[ENTRIES PROVIDED Boundary: Start]

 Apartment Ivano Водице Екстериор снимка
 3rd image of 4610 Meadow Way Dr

[ENTRIES PROVIDED Boundary: End]
[ENTRIES PROVIDED Boundary: Start]

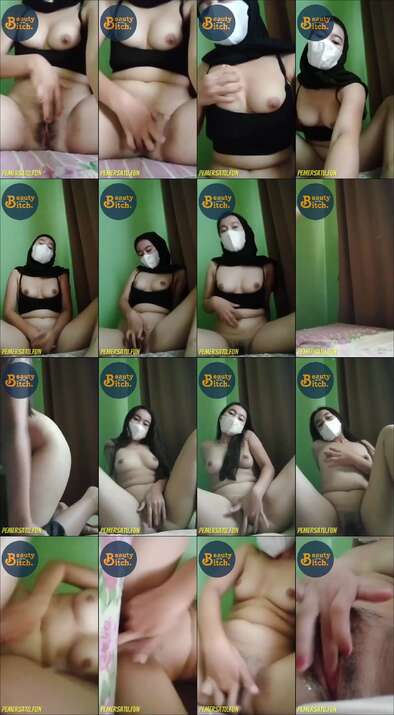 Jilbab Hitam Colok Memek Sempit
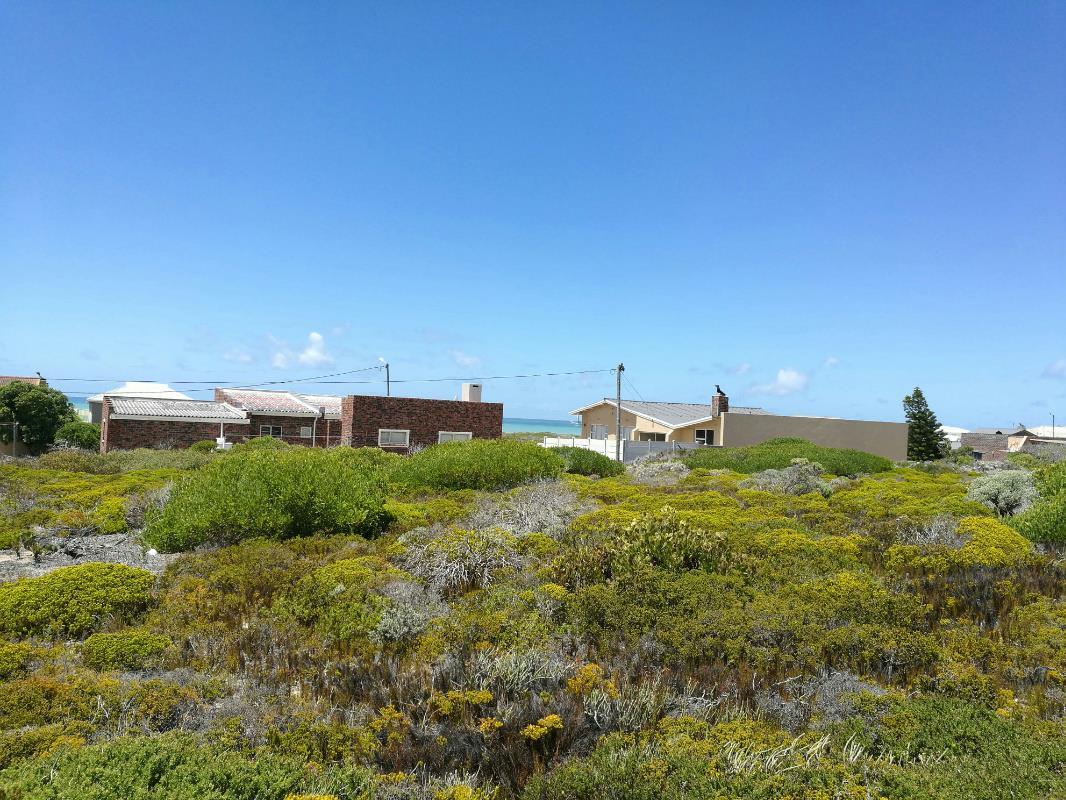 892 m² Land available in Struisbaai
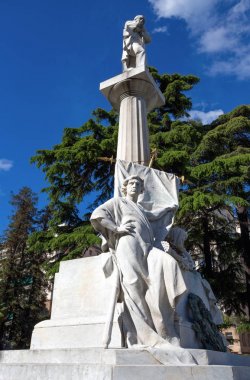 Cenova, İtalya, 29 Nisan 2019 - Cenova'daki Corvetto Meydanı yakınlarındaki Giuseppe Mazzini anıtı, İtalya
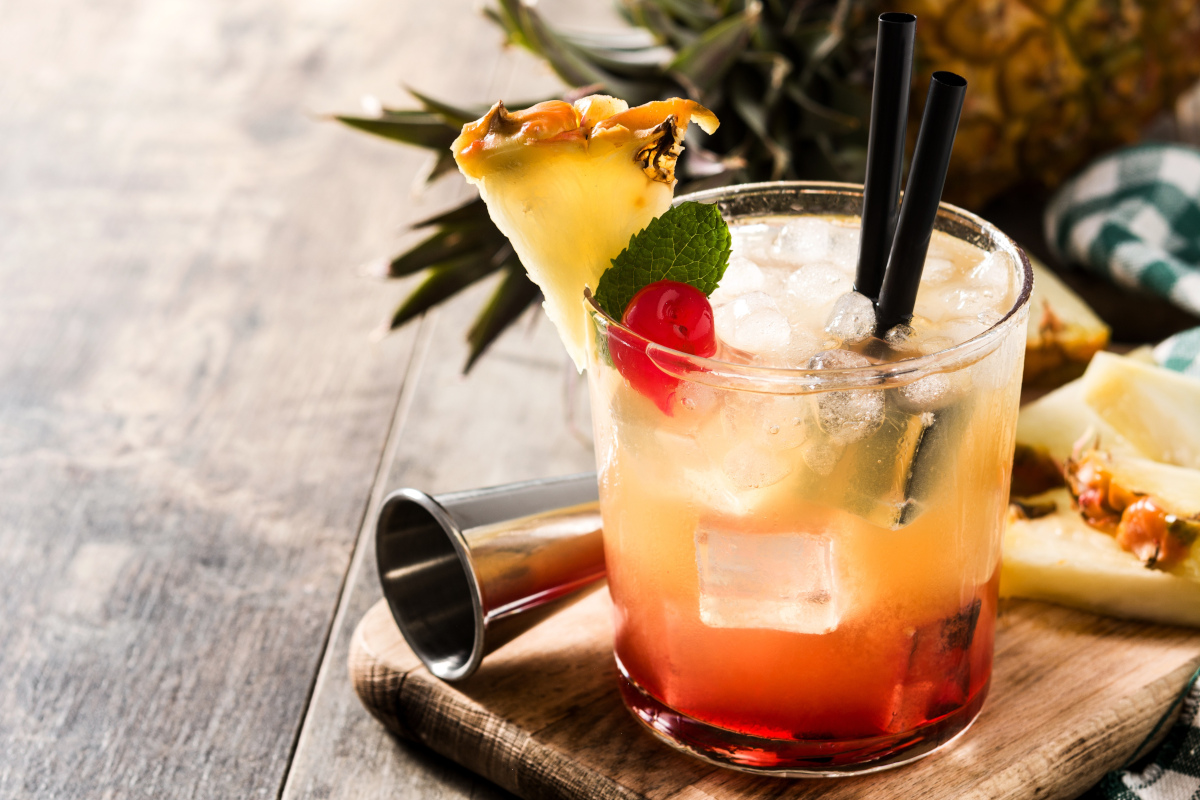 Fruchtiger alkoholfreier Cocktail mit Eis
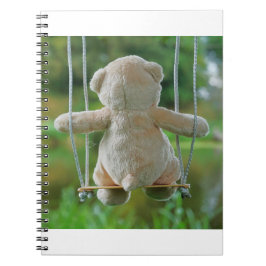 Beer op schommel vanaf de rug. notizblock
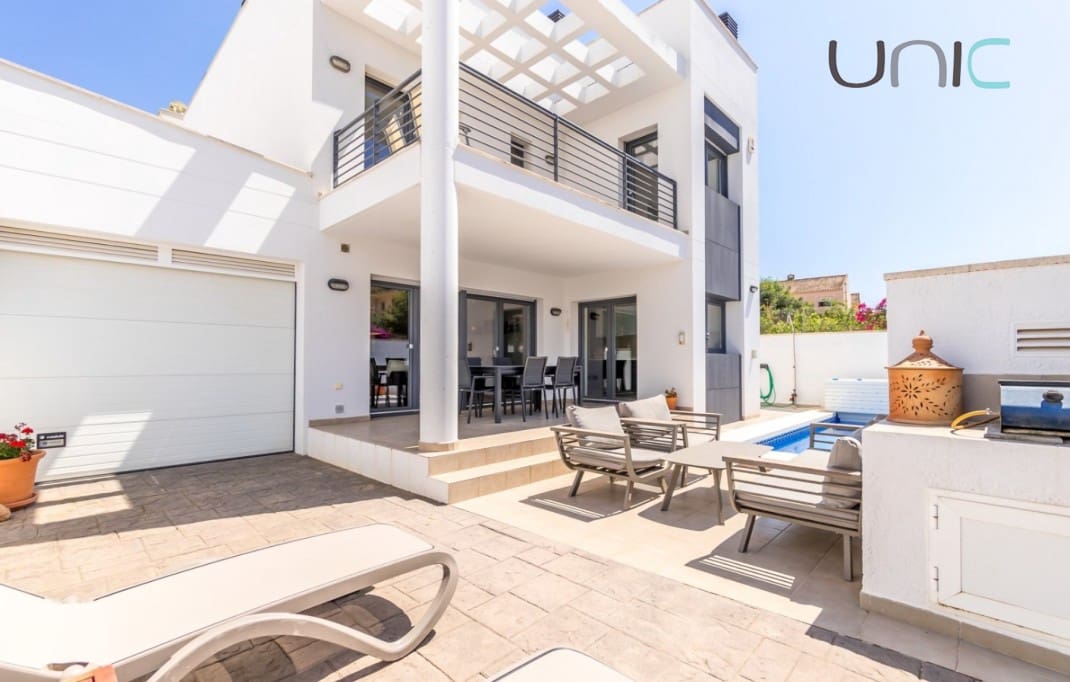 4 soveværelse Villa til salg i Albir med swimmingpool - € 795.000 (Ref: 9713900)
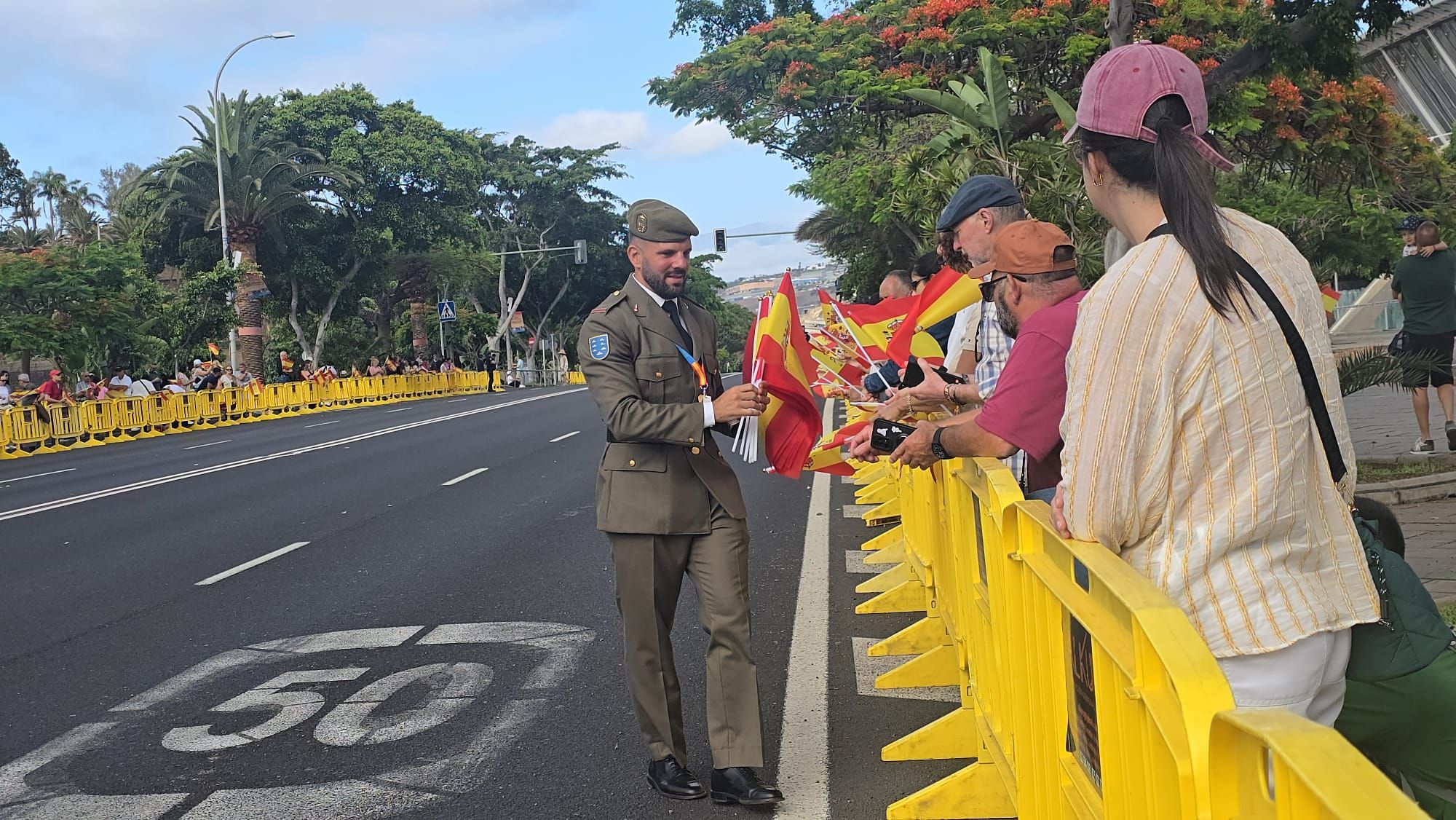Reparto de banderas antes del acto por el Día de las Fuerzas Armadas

[ENTRIES PROVIDED Boundary: End]

▸ **TASK DESCRIPTION**
In the listing above, transcribe exactly everything from the line containing "Apartment Ivano Водице Екстериор снимка" down to the line containing "3rd image of 4610 Meadow Way Dr", including both and nothing more.

▸ **TASK RESULT**
 Apartment Ivano Водице Екстериор снимка
 3rd image of 4610 Meadow Way Dr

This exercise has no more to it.